[Dropcap]T[/dropcap]he rapid growth and adoption of generative AI (GenAI) has resulted in a scramble to provide internal audit coverage over potential risks arising from use of the technology, according to a survey by Gartner.
Gartner surveyed 102 chief audit executives (CAEs) to rate the importance of providing assurance over 35 risks. The top six risks with the greatest potential internal audit coverage increases are strategic change management, diversity equity and inclusion, organizational culture, AI-enabled cyberthreats, AI control failures, and unreliable outputs from AI models.
“As organizations increase their use of new AI technology, many internal auditors are looking to expand their coverage in this area,” said Thomas Teravainen, research specialist with the Gartner for Legal, Risk & Compliance Leaders practice. “There are a range of AI-related risks that organizations face from control failures and unreliable outputs to advanced cyberthreats. Half of the top six risks with the greatest increase in audit coverage are AI-related.”
Large Confidence Gaps for AI Risks
Publicly available GenAI applications, and those built in-house, create new and heightened risks for data and information security, privacy, IP protection and copyright infringement, as well as trust and reliability of outputs. Many enterprise GenAI initiatives are in customer-facing business units, and the proliferation of GenAI makes increasing coverage of unreliable outputs from AI models (such as biased or inaccurate information and hallucinations from AI models) a priority to protect the organization from reputational damage or potential legal action.
“Perhaps the most striking finding from this data is the degree to which internal auditors lack confidence in their ability to provide effective oversight on AI risks,” said Teravainen. “No more than 11% of respondents rating one of the aforementioned three top AI-related risks as very important considered themselves very confident in providing assurance over it.”

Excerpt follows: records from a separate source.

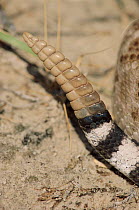 Rattle of Western diamondback rattlesnake, NM, USA
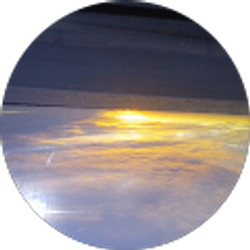 Profile photo of Pamela Taylor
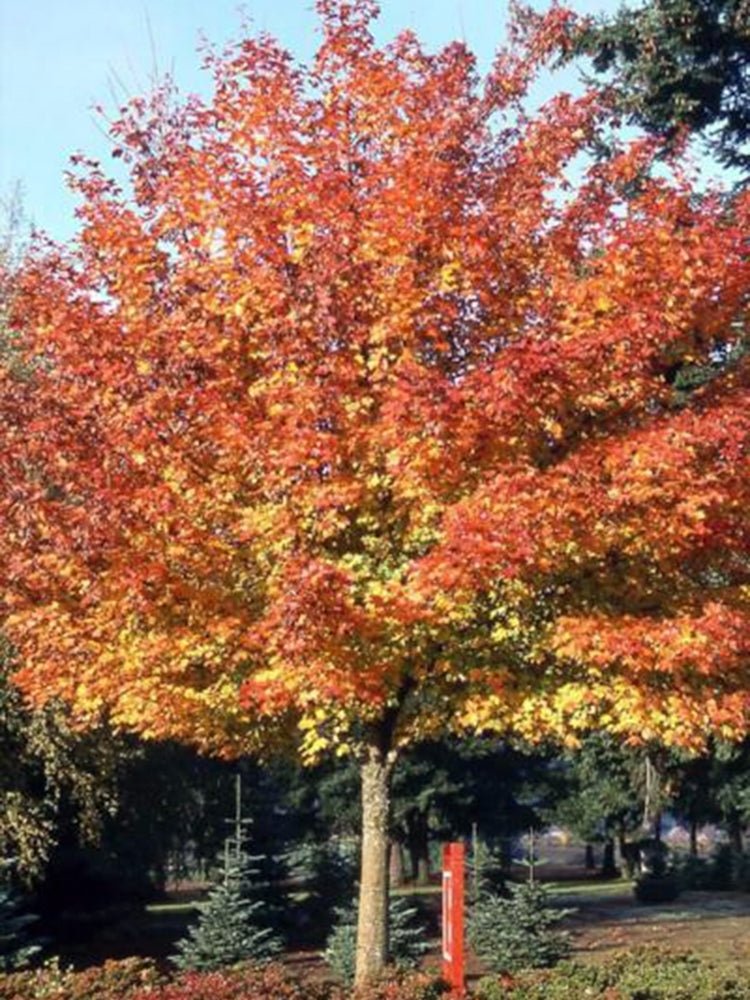 Shantung Maple (Acer truncatum) - Ladybird Nursery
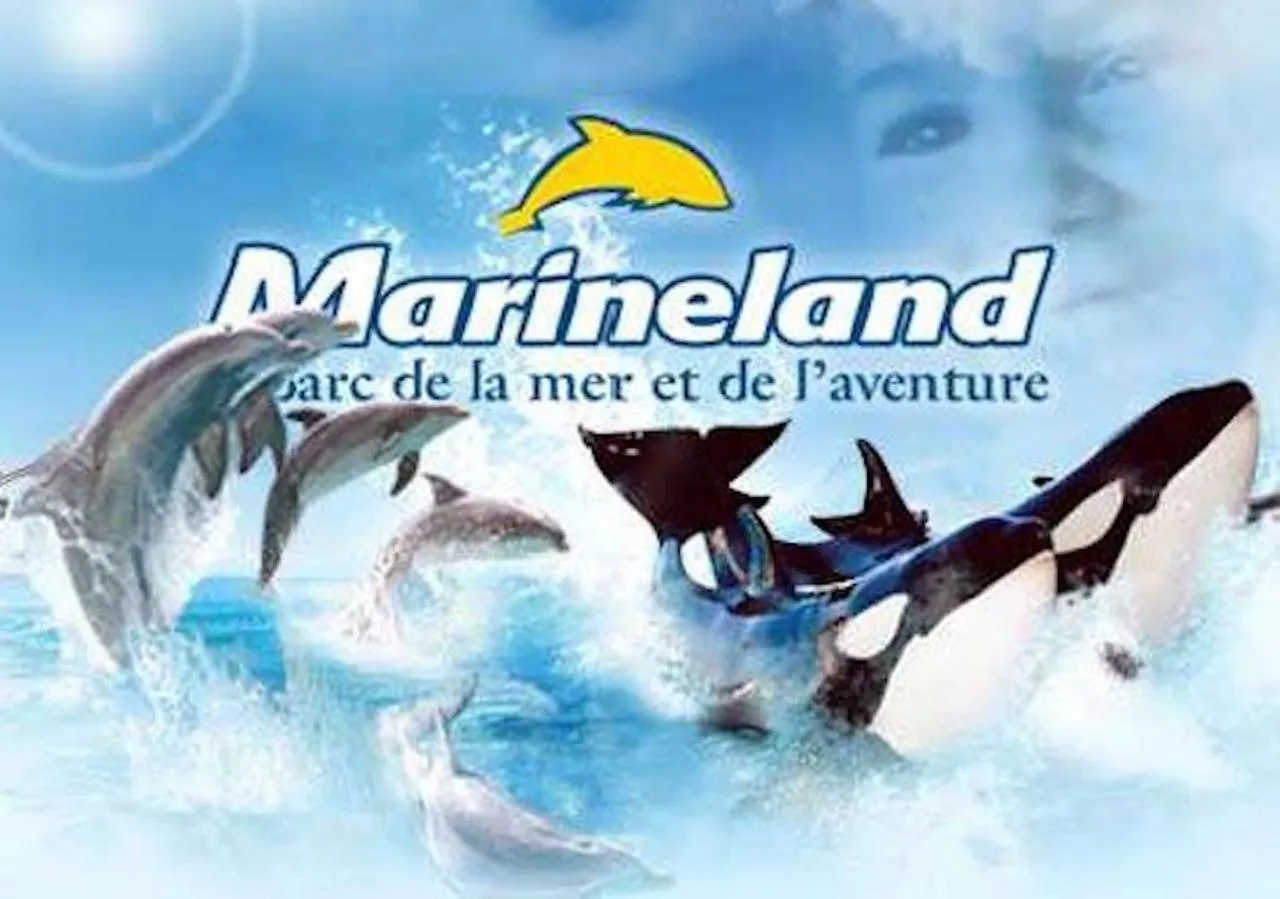 Appart hôtel Appartement Marineland Sea View Antibes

“With such a broad array of potential risks coming from all over the business, it’s easy to understand why auditors aren’t confident about their ability to apply assurance,” said Teravainen. “However, with CEOs and CFOs rating AI as the technology that will most significantly impact their organizations in the next three years, continued gaps in confidence will undermine CAEs’ ability to meet stakeholder expectations.”